Top of Given entries

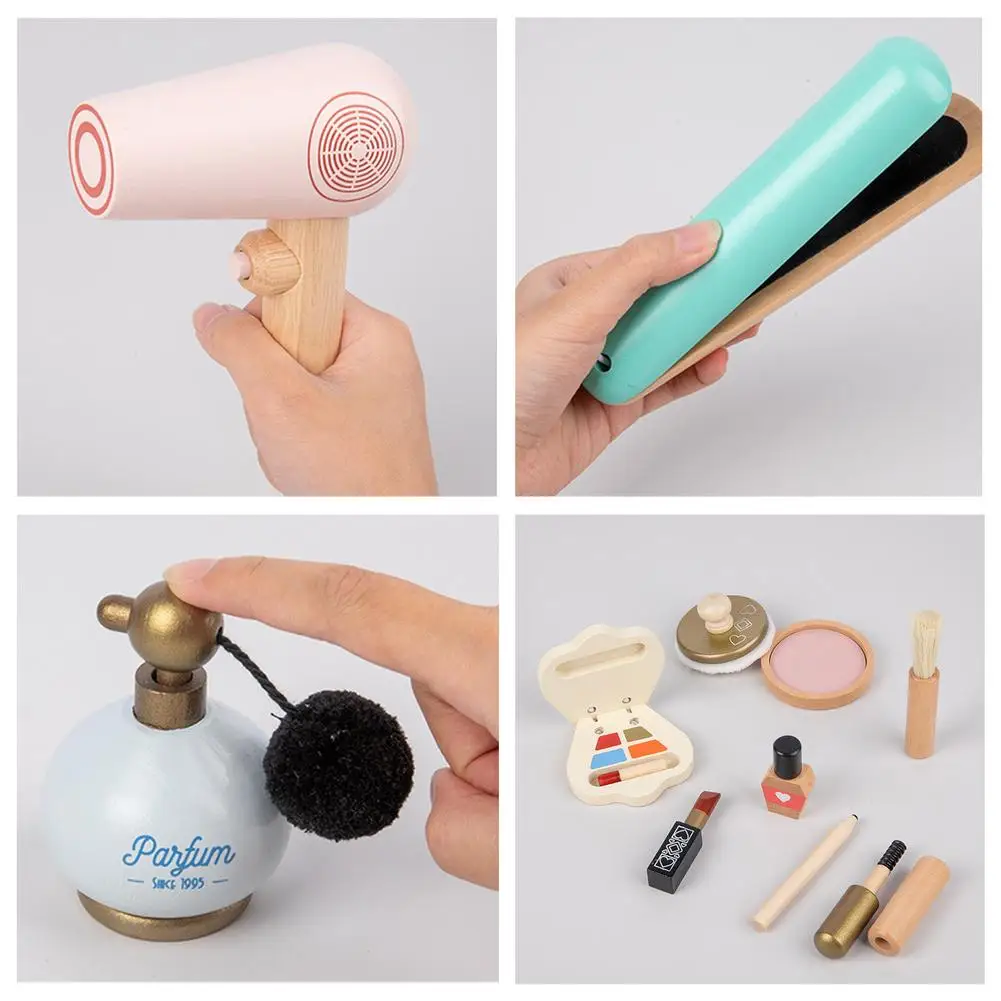 Деревянные игрушки для салона красоты девочек макияжный игровой набор отличный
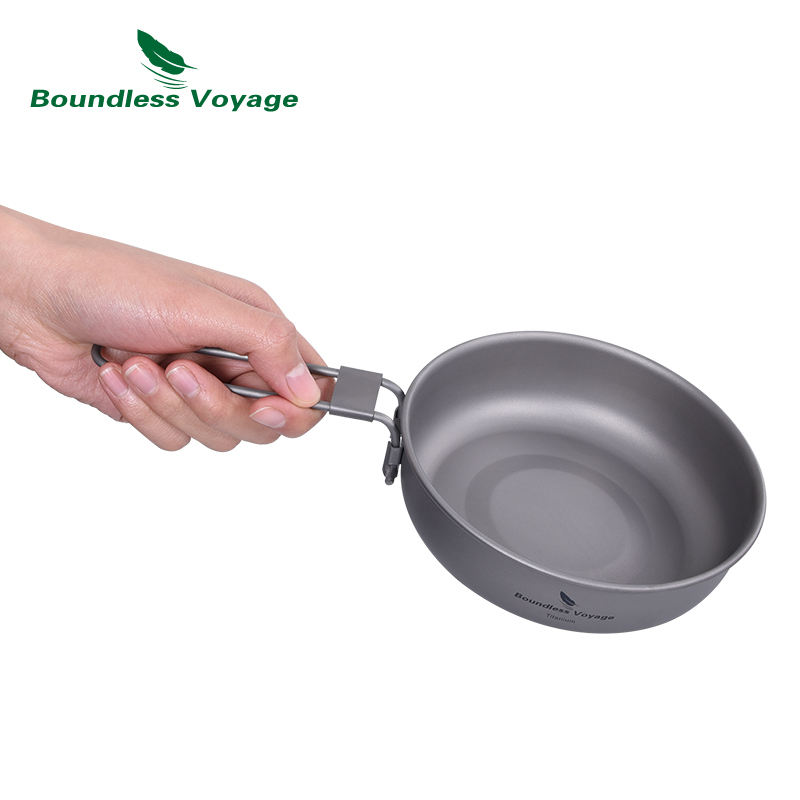 Poêle à frire en titane ultral - Camping Cooking Ware avis et prix
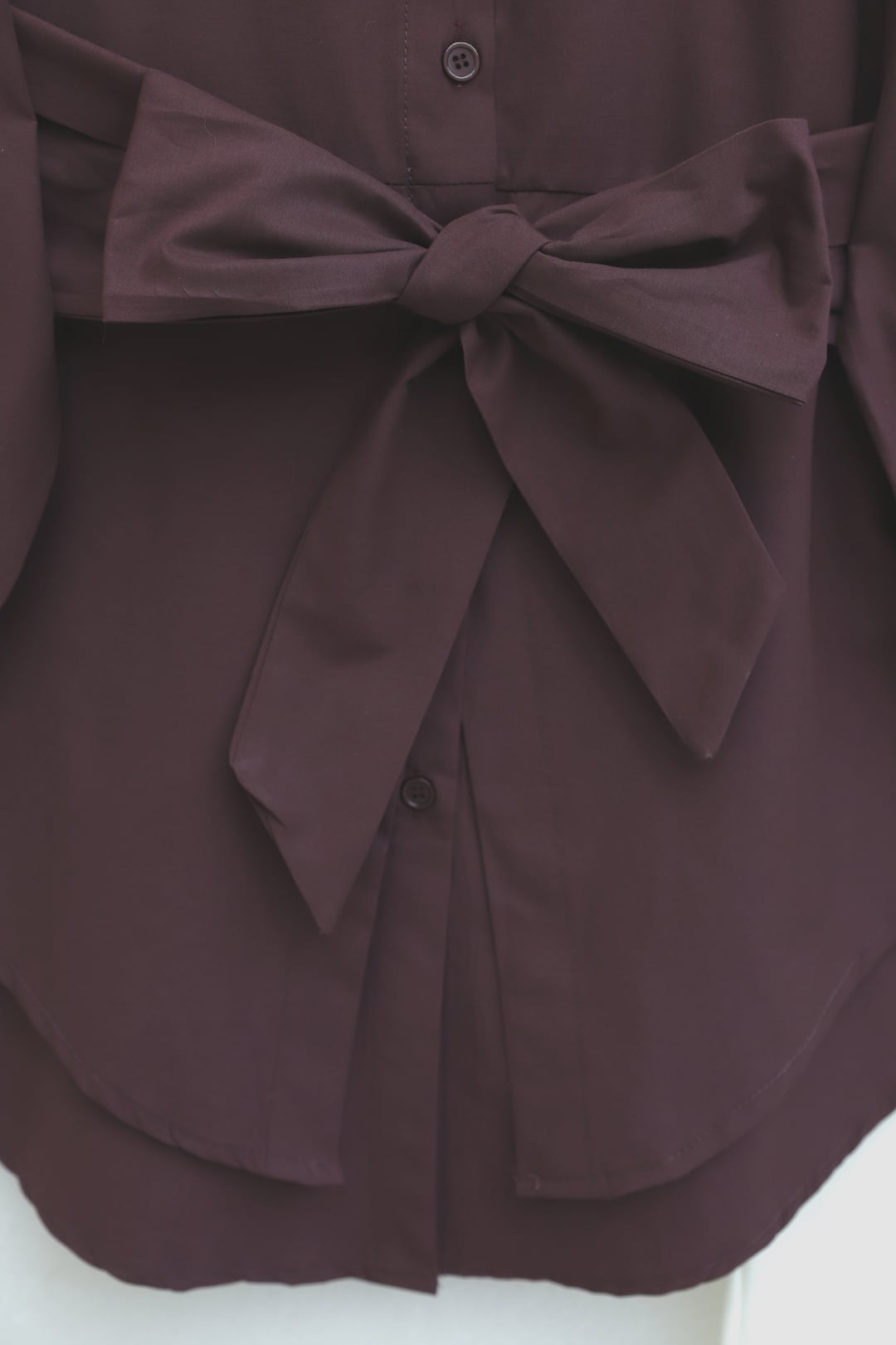 Self-Tie Poplin Tunic in Plum - Podyumplus - by Peralane - photo 6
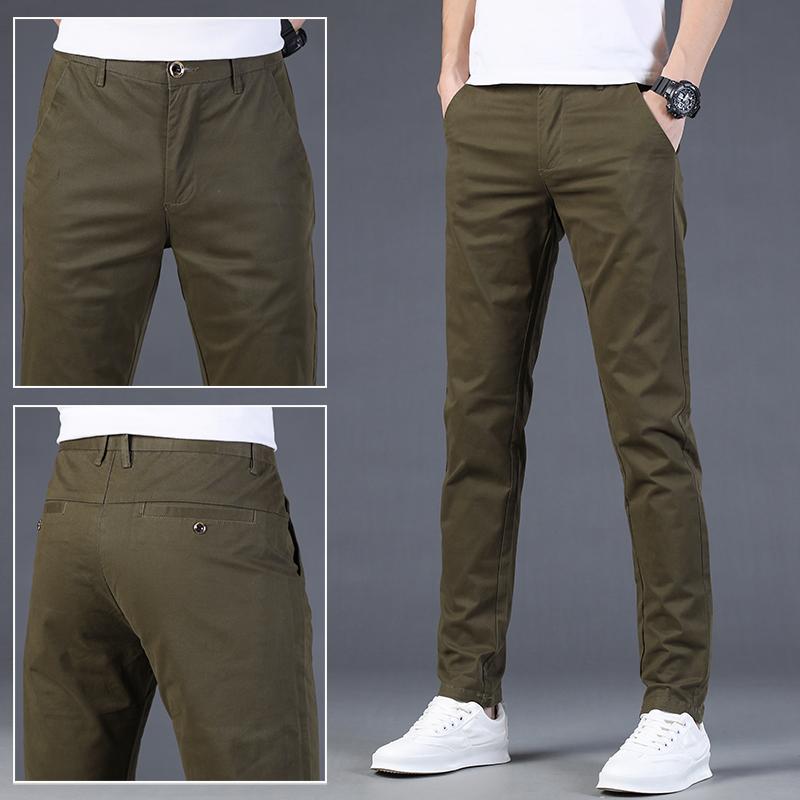 Spring Casual Pants Men's Slim-fit Feet Pants Fashion Korean Version of The Stretch All-match Men's Trousers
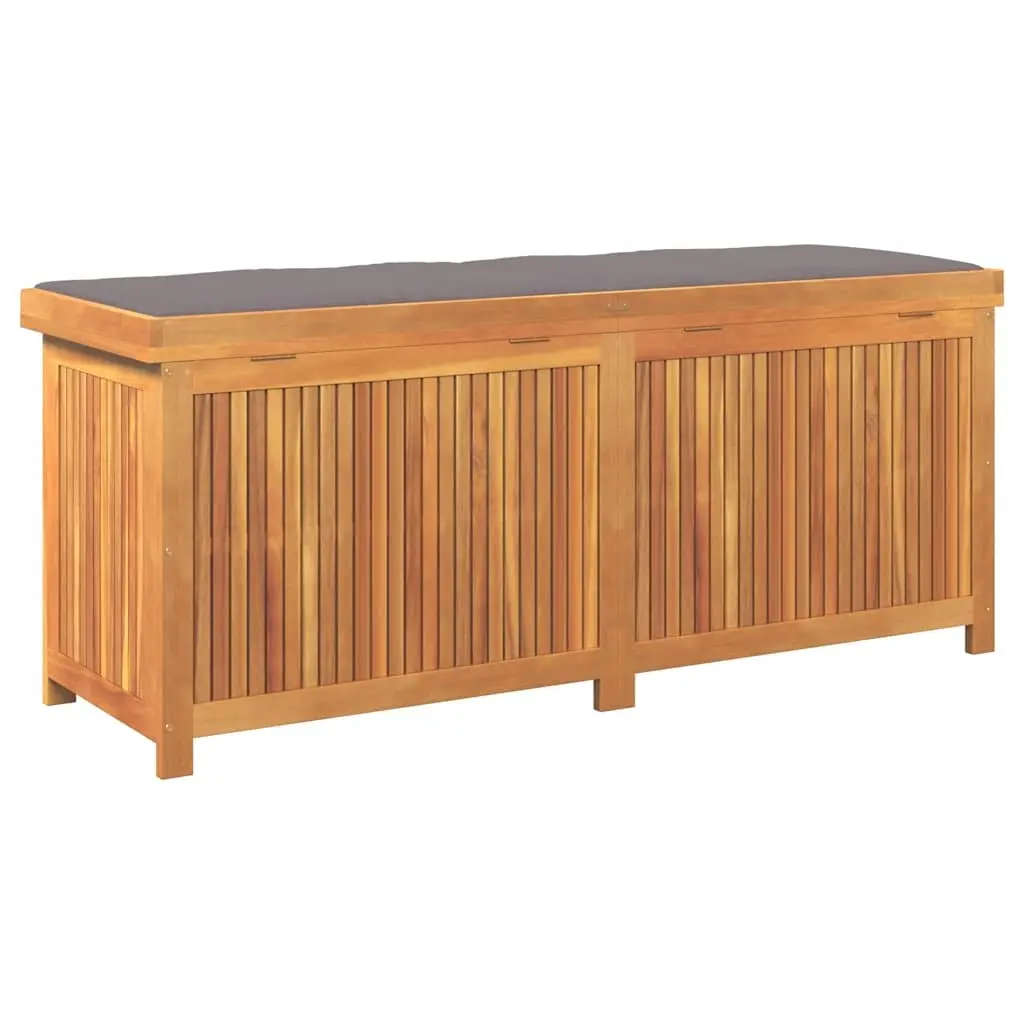 Outdoor Cushion Storage Box 150x50x60.5cm Solid Acacia Wood Garden Organiser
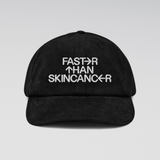 "Faster Than Skincancer" Corduroy Cap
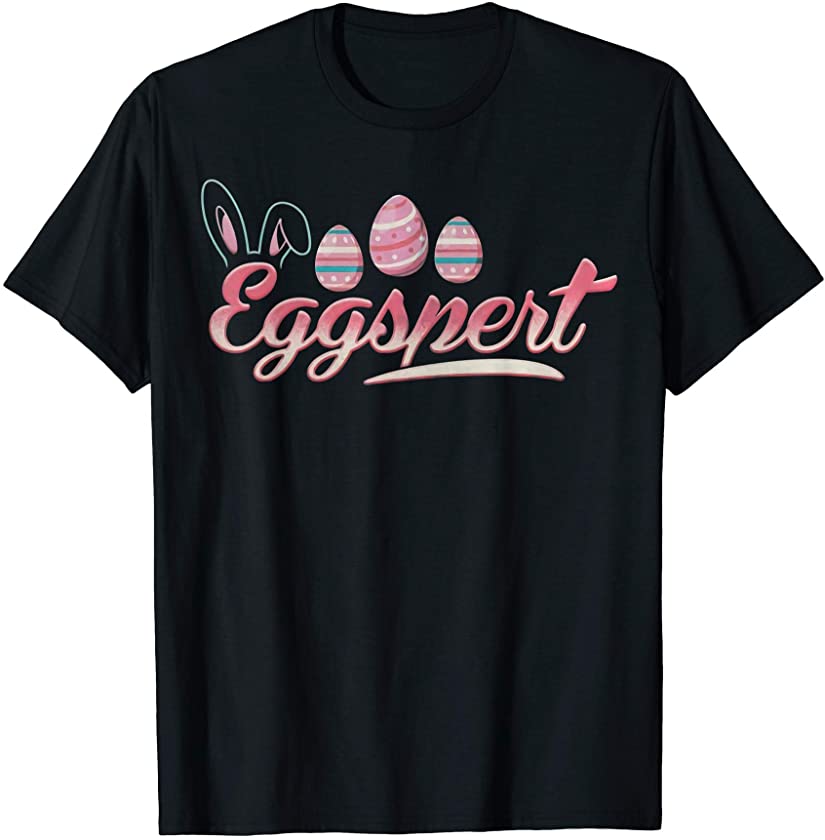 Retro Vintage Bunny Easter Eggs Hunting Mens Womens Kids T-Shirt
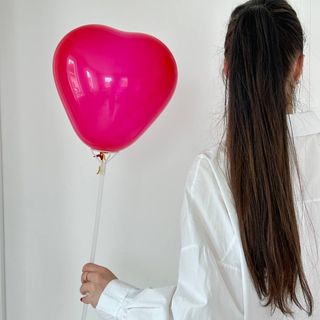 Серце латексне червоне, 25 см.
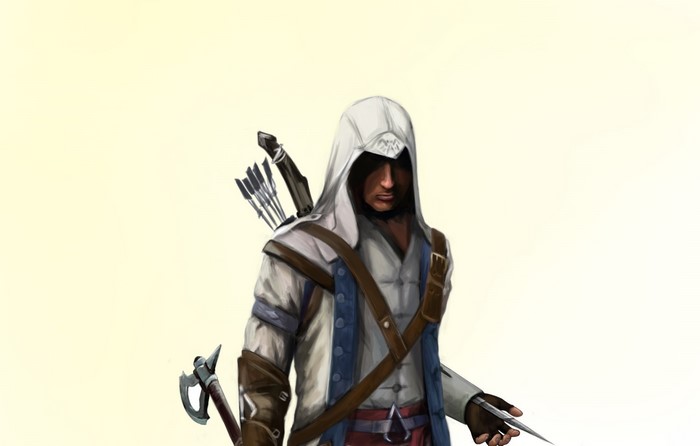 Assassin from Assassin's Creed with bow and axe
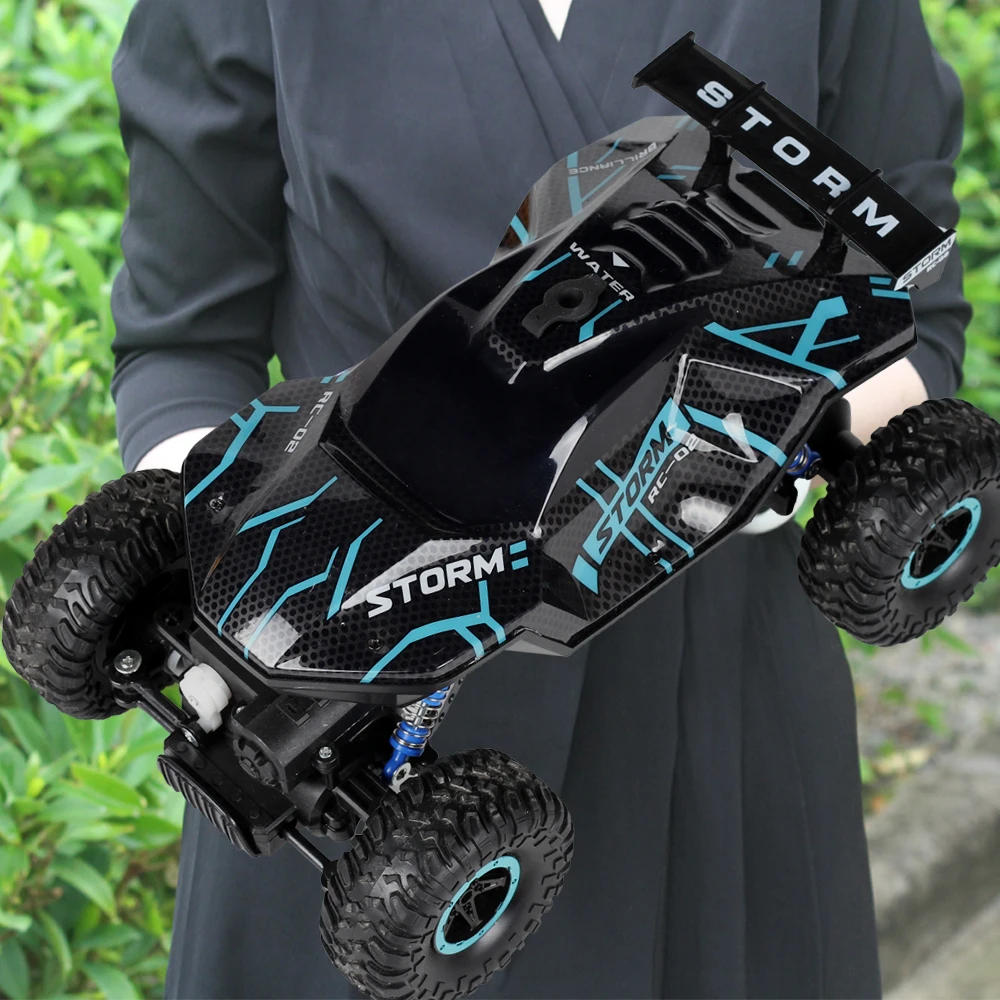 RC الانجراف سيارة 2.4G 4WD التحكم عن بعد تسلق مركبة السيارات في الهواء الطلق لعب مع أضواء LED الكهربائية RC سيارة لعبة للأطفال هدية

Bottom of Given entries

▶ [Work request]:
Take the line containing "Spring Casual Pants" and every line after it up to the end of the entries, and quote them exactly. Both ends count; the pictures do not.

▶ [Answer section]:
 Spring Casual Pants Men's Slim-fit Feet Pants Fashion Korean Version of The Stretch All-match Men's Trousers
 Outdoor Cushion Storage Box 150x50x60.5cm Solid Acacia Wood Garden Organiser
 "Faster Than Skincancer" Corduroy Cap
 Retro Vintage Bunny Easter Eggs Hunting Mens Womens Kids T-Shirt
 Серце латексне червоне, 25 см.
 Assassin from Assassin's Creed with bow and axe
 RC الانجراف سيارة 2.4G 4WD التحكم عن بعد تسلق مركبة السيارات في الهواء الطلق لعب مع أضواء LED الكهربائية RC سيارة لعبة للأطفال هدية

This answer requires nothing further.